Lankan Opposition Violently Objects To Handing Over Mattala Airport To India
COLOMBO: The opposition Sri Lanka Podujana Peramuna (SLPP) on Friday violently objected to the alleged “handing over” of the Mattala international airport in South Sri Lanka to India.
About 2000 demonstrators led by Namal Rajapaksa MP and son of former Sri Lankan President Mahinda Rajapaksa, tried to storm into the office of the Indian Consul General in Hambantota but were dispersed with the use of water cannons and teargas.
Twenty six persons were arrested.
The crowd was protesting against an alleged plan to “hand over” the Mattala international airport to India after the Hambantota port was “handed over” to China on “unfavorable terms” by the Sirisena-Wickremsinghe government.
Although there were slogans against China too, the ire of the mob was mostly directed against India. The demonstrators waved placards reading: “Indian Colony Epa” (No to Indian colony).
Though the deal to run the Mattala airport as a Joint Venture (JV) with India is yet to be finalized and talks are, in fact, only at a very early stage, Sri Lankan politicians and the media have assumed that the deal is through for “geo-political reasons” under compulsion “to keep both India and India satisfied.”
It is said that Colombo wants to compensate India after giving the Hambantota port to China. It is also said that India is keen on having a strategic asset like an airport in Hambantota district, which is in the southern most part of Sri Lanka, to checkmate China and watch over sea lanes in the India Ocean. Mattala airport is about 40 km from the southern town of Hambantota port.
In August this year, the Sri Lankan government cleared Civil Aviation Minister Nimal Siripala de Silva’s request for a committee to study an Indian government’s proposal for a JV to run the Mattala airport which was built by China but has proved to a non-functioning drag on the country’s exchequer.

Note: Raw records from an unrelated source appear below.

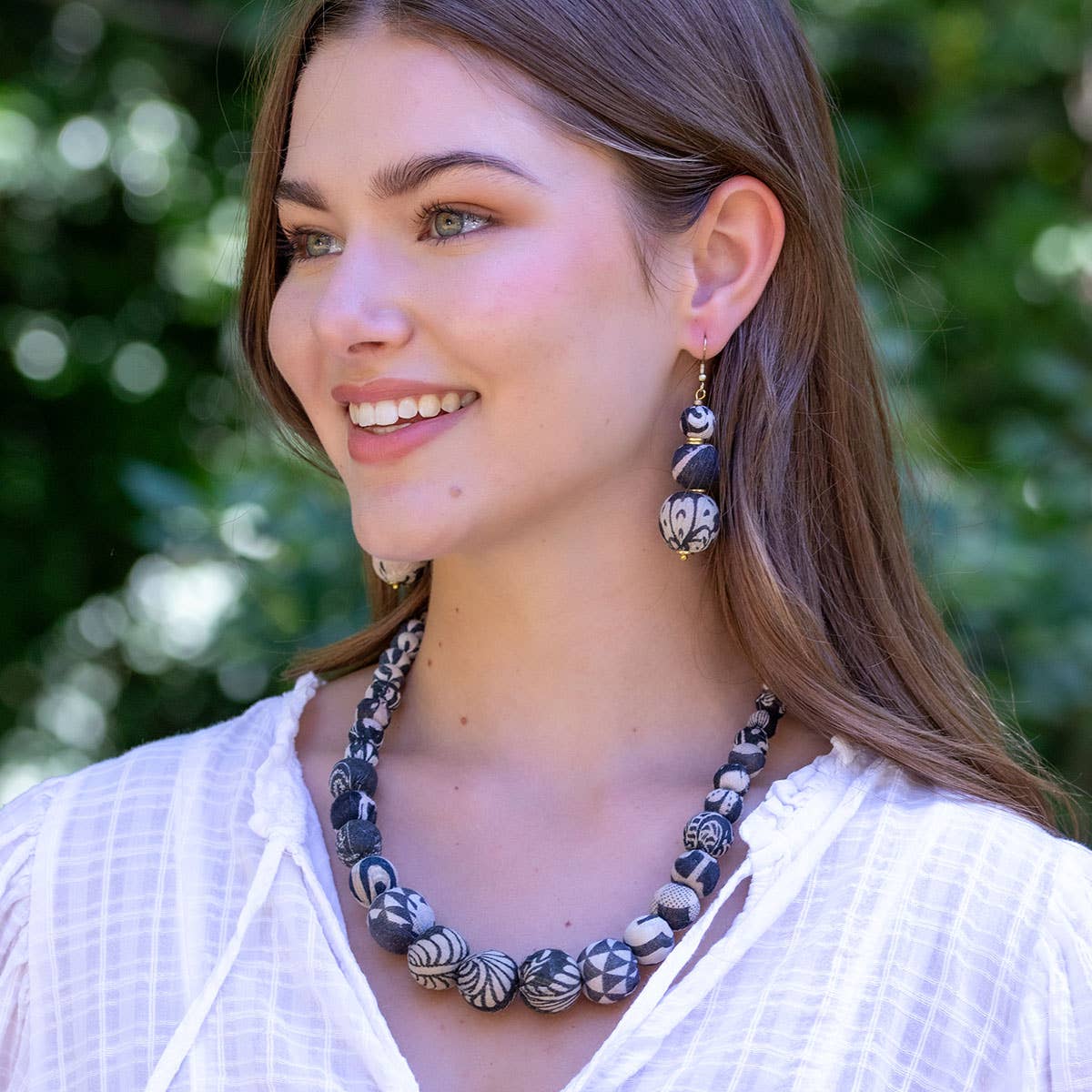 Aasha Cascade Monochrome Beaded & Handcrafted Necklace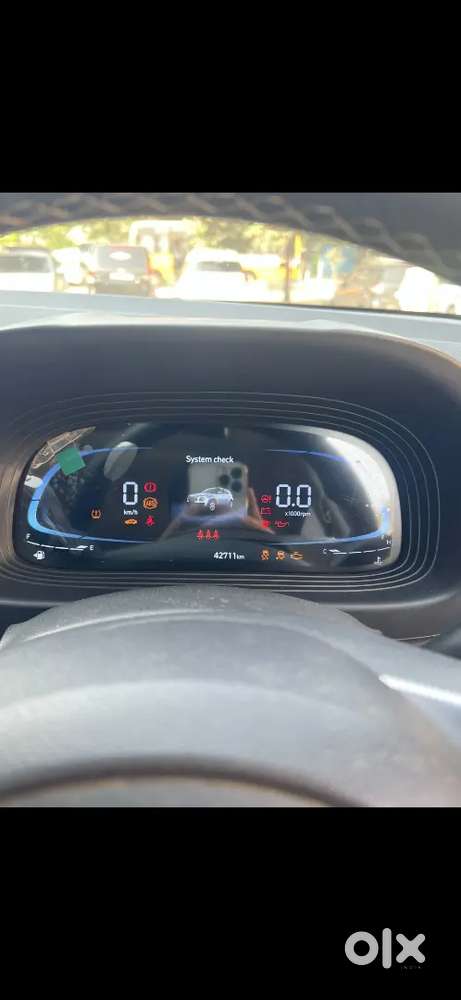 Hyundai Venue 2024 Diesel Well Maintained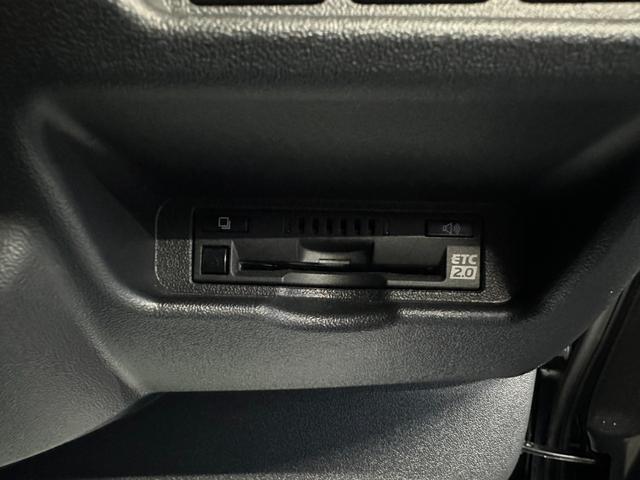 ハイエースバン スーパーGL ダークプライムII ナビTV/Bカメラ/パワスラ/ベッドキット/GR8オリジナルセンターコンソール/LEDヘッドライト/スマートキー(19枚目)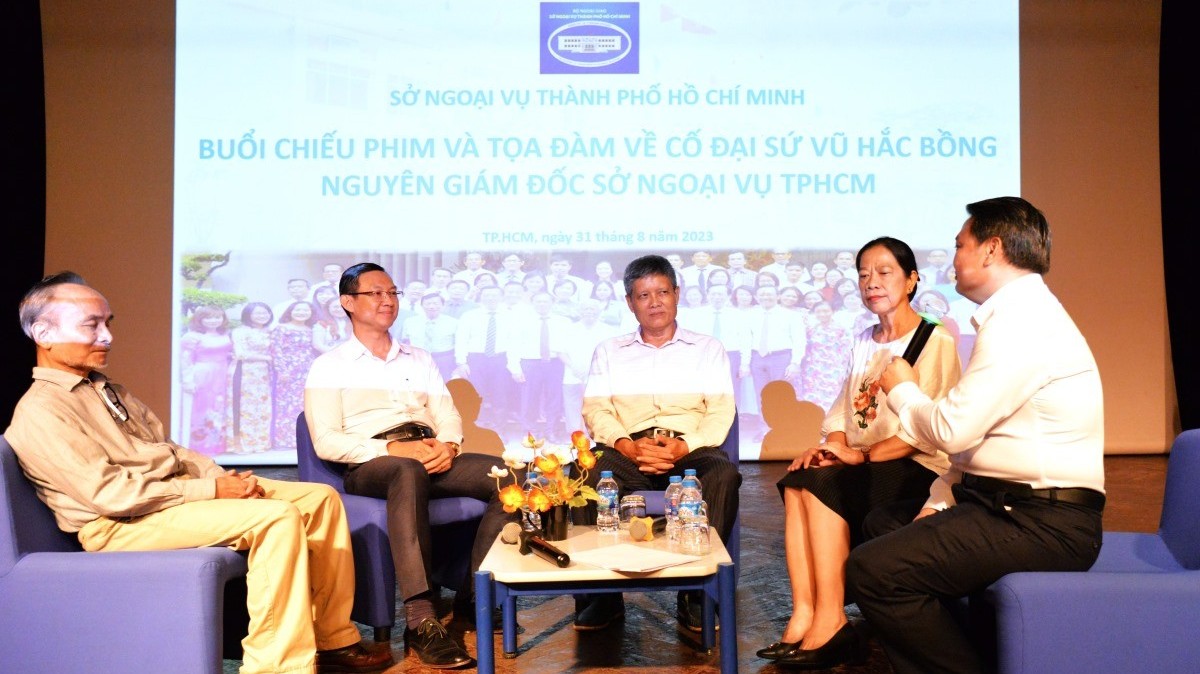Sở Ngoại vụ TP. HCM tổ chức hoạt động ‘uống nước nhớ nguồn’, tri ân cố Đại sứ Vũ Hắc Bồng
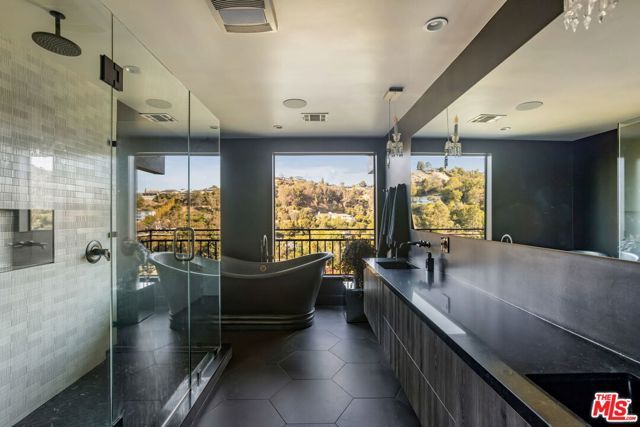 2528 Carman Crest Drive, Los Angeles, CA 90068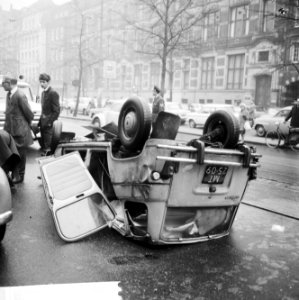 Auto op zijn kop op Rokin, exclusief Parool, Bestanddeelnr 918-7046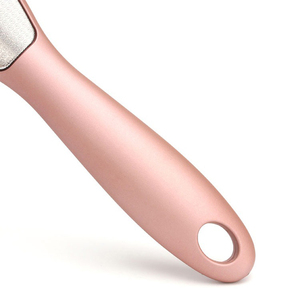 Râpe à pédicure professionnelle de haute qualité, durable, en acier inoxydable, à poignée en plastique, pour éliminer les peaux dures - Product Image 4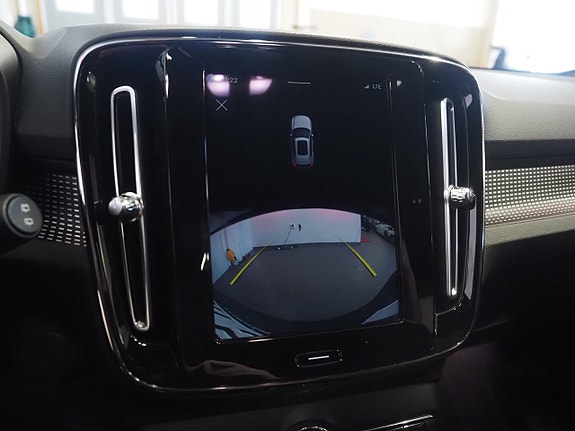 Volvo XC40 17 of 25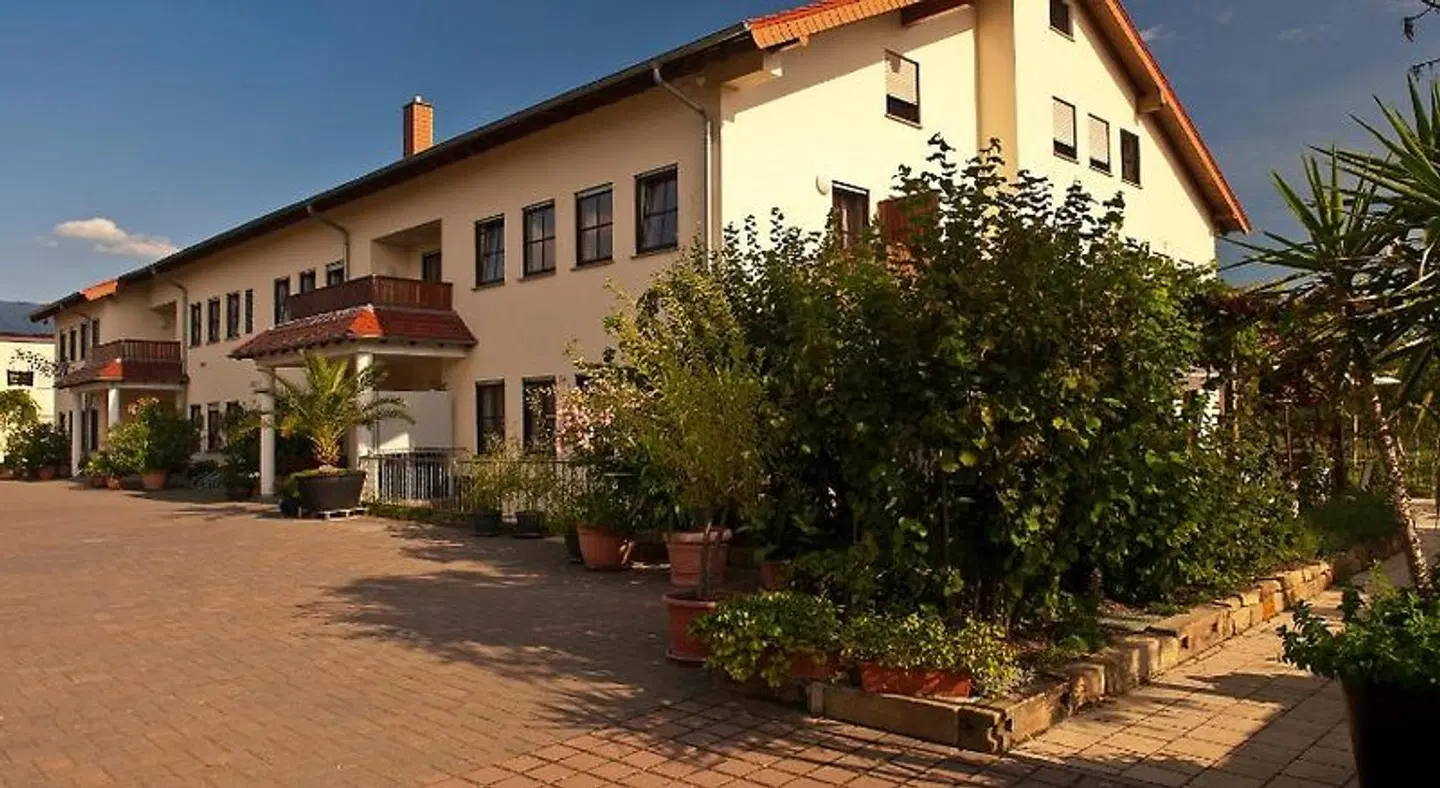 Weingut Sandwiese EXTERIOR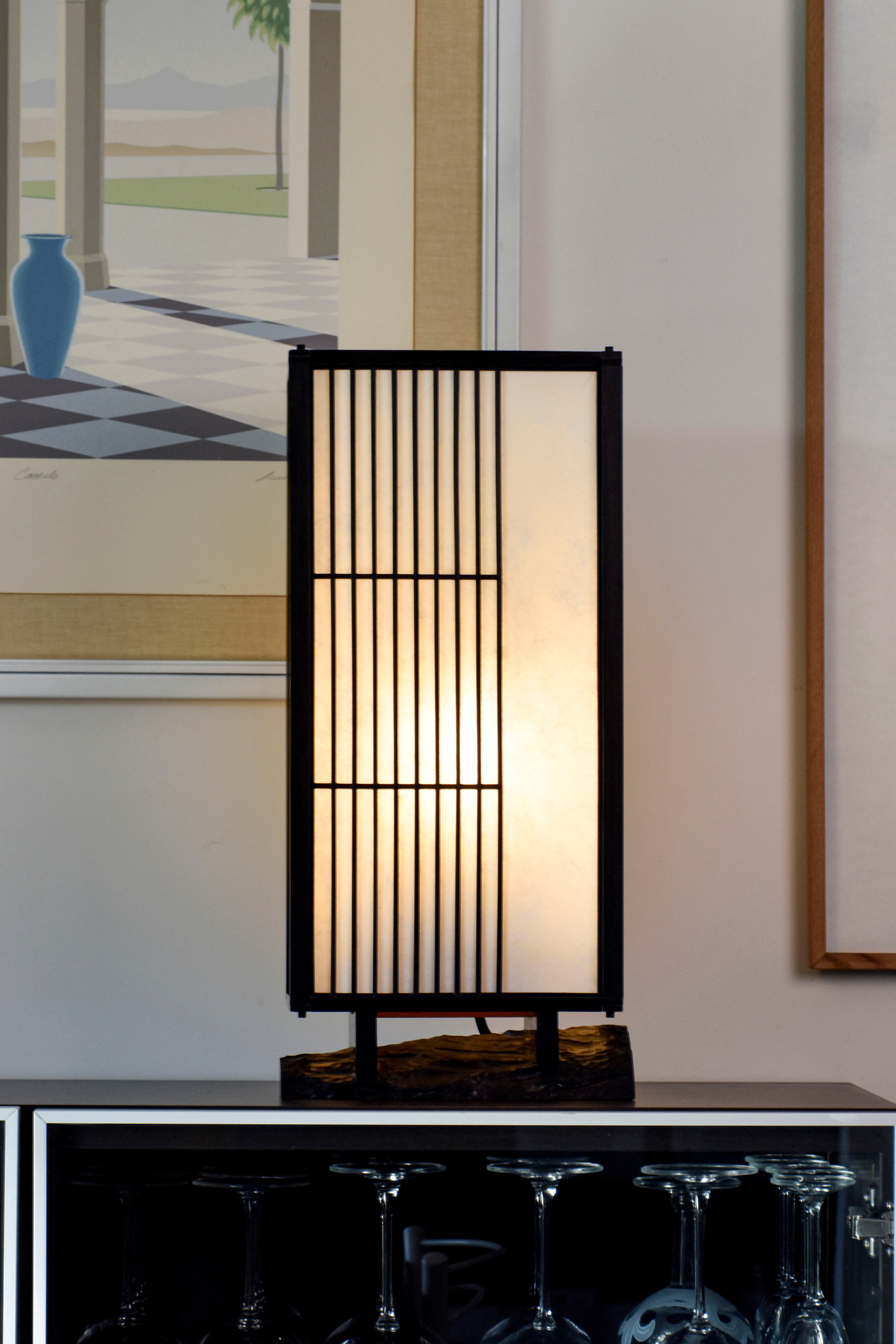 Véritable héritage de la culture japonaise traditionnelle, cette lampe puise son inspiration dans l’équilibre entre rigueur et douceur. Imaginée par le designer Thomas Coup La Fronde, elle associe la précision des savoir-faire artisanaux aux courbes organiques d’un pied en ébène massif. Les assemblages, subtilement révélés, témoignent d’une exigence rare tout en préservant une esthétique épurée et intemporelle.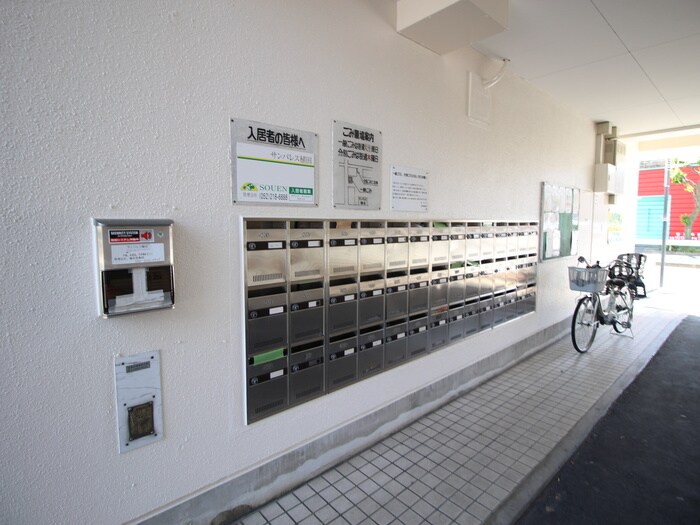 物件外観写真4　(エントランス部分)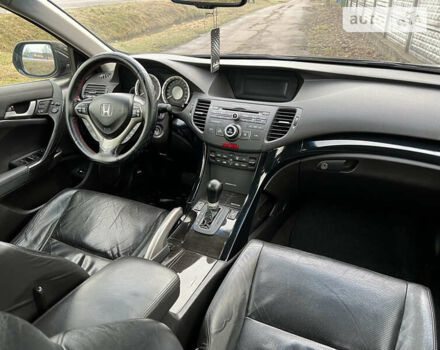 Черный Хонда Аккорд, объемом двигателя 2.4 л и пробегом 220 тыс. км за 9300 $, фото 15 на Automoto.ua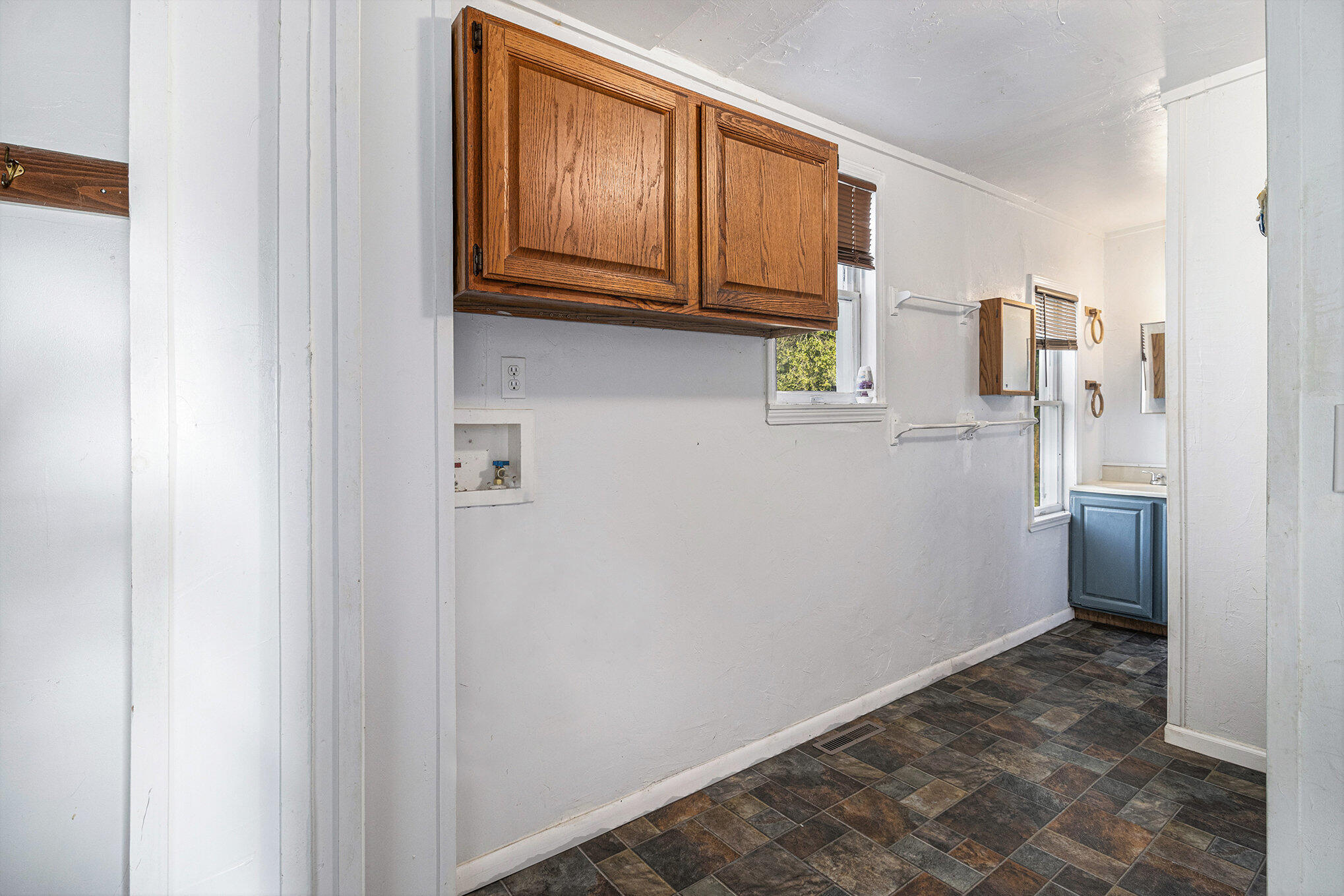 20916 12 Mile Road Property Photo 29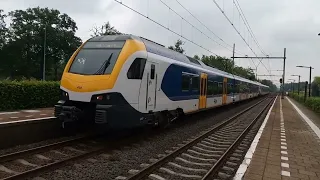 2207 + 221 als rit 4444 Deurne - 's+Hertogenbosch , a 13;30 u. +2 te Vucht.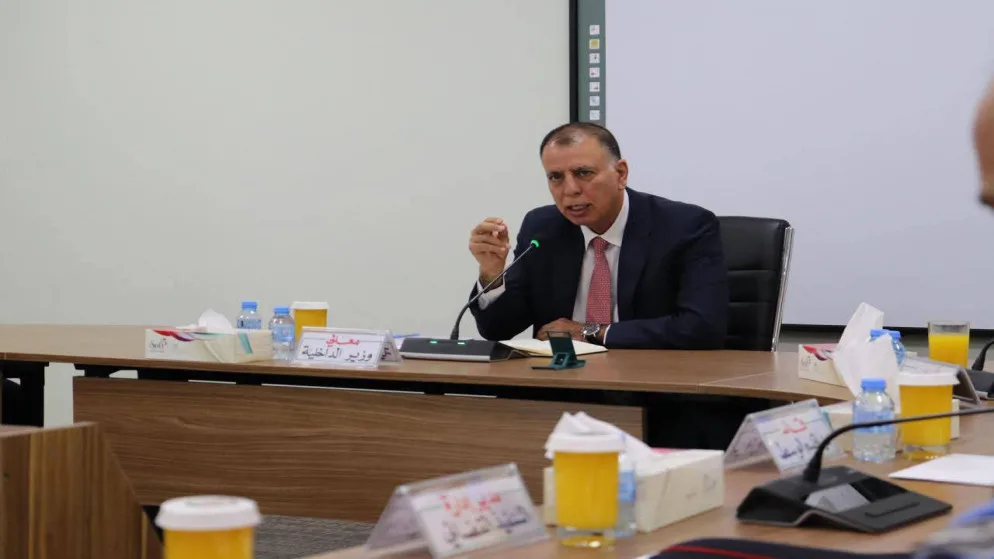 وزير الداخلية: نؤكد التزامنا بتحسين الخدمات الأمنية وزير الداخلية: نؤكد التزامنا بتحسين الخدمات الأمنية
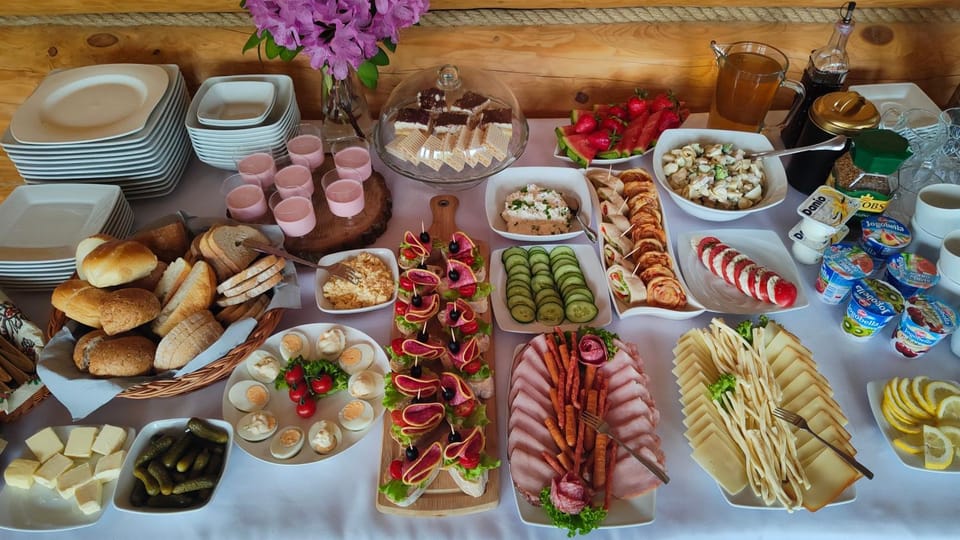 Food and drinks, Food, Breakfast, Continental breakfast, Buffet breakfast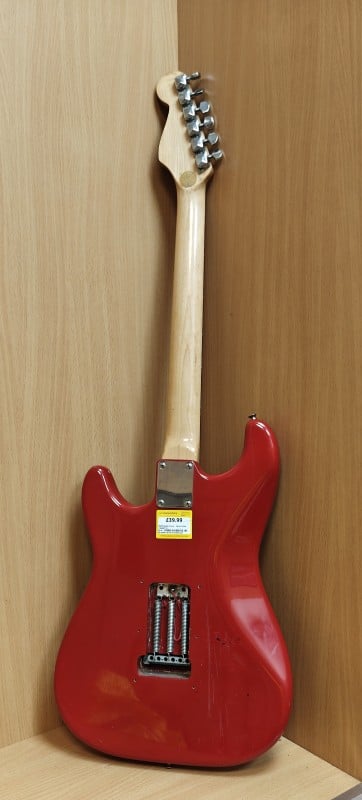 Encore Electric Guitar ( Needs Tlc ) | 015700314205 | Cash Converters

Christened by Forbes as the “world’s emptiest airport”, Mattala has been receiving only two flights a day.
India proposed to “operate, manage, maintain and develop” the airport through a JV, holding 70% of the equity for 99 years – the same terms on which the Hambantota port was given to China by the present government.
But Colombo told New Delhi that it would offer the airport only for 40 years.
According to the Minister’s de Silva’s cabinet paper, India is to invest $205 million in the venture, while Sri Lanka would pitch in the balance $88 million.
It was agreed in principle, that the airport would not be used for military purposes as is the case with the Hambantota port given to China.
However, since the Indian request came, there has no progress in the negotiations as the Sri Lankan government is pre-occupied with more pressing matters related to its survival in the face of internal dissent and the growing opposition outside led by former President Mahinda Rajapaksa.
Given the foreigner phobia, Chinese projects are also in the doldrums. The Chinese Ambassador in Sri Lanka, Yi Xianliang, told The Island daily recently that there has been no progress on the Hambantota port after a revised Framework Agreement was signed in August.
“There are a number of other specific agreements still to be signed,” the envoy said.
The sale or leasing out of national strategic assets to foreign countries is a controversial and emotive issue in Sri Lanka. The deal on the Hambantota port signed by former President Rajapaksa became a key issue in the January 8, 2015 Presidential election which resulted in his defeat.
With local and provincial elections due in 2018, the Sirisena-Wickremesinghe government wants to put mega deals with foreign parties on hold. That is why the deal on Hambantota port, Mattala airport and the Eastern Container Terminal at the Colombo port are yet to be finalized.
Indian companies had almost wangled the contract for the Eastern Terminal at Colombo port, but the deal was called off because Sri Lanka said that it would re-draft the terms.
Meanwhile the Sri Lankan government proposed to take over a substantial part of the 100 giant oil tanks in Trincomalee which had been given to the Indian Oil Corporation in 2003.
As a compromise, India agreed to run a part of the tank complex comprising unused tanks, as a JV between LIOC (a subsidiary of IOC), and the Ceylon Petroleum Corporation (CPC).
But JV means that Sri Lanka has to pitch in with a financial contribution. That is not easy condition to fulfill, given the debt trap Sri Lanka is in.
However, when China wanted a share in the oil distribution in the island, the Sri Lankan government rejected the request as presently there are already two players in the small market – the state owed CPC and the LIOC from India –sharing.
A Chinese element here will have annoyed India.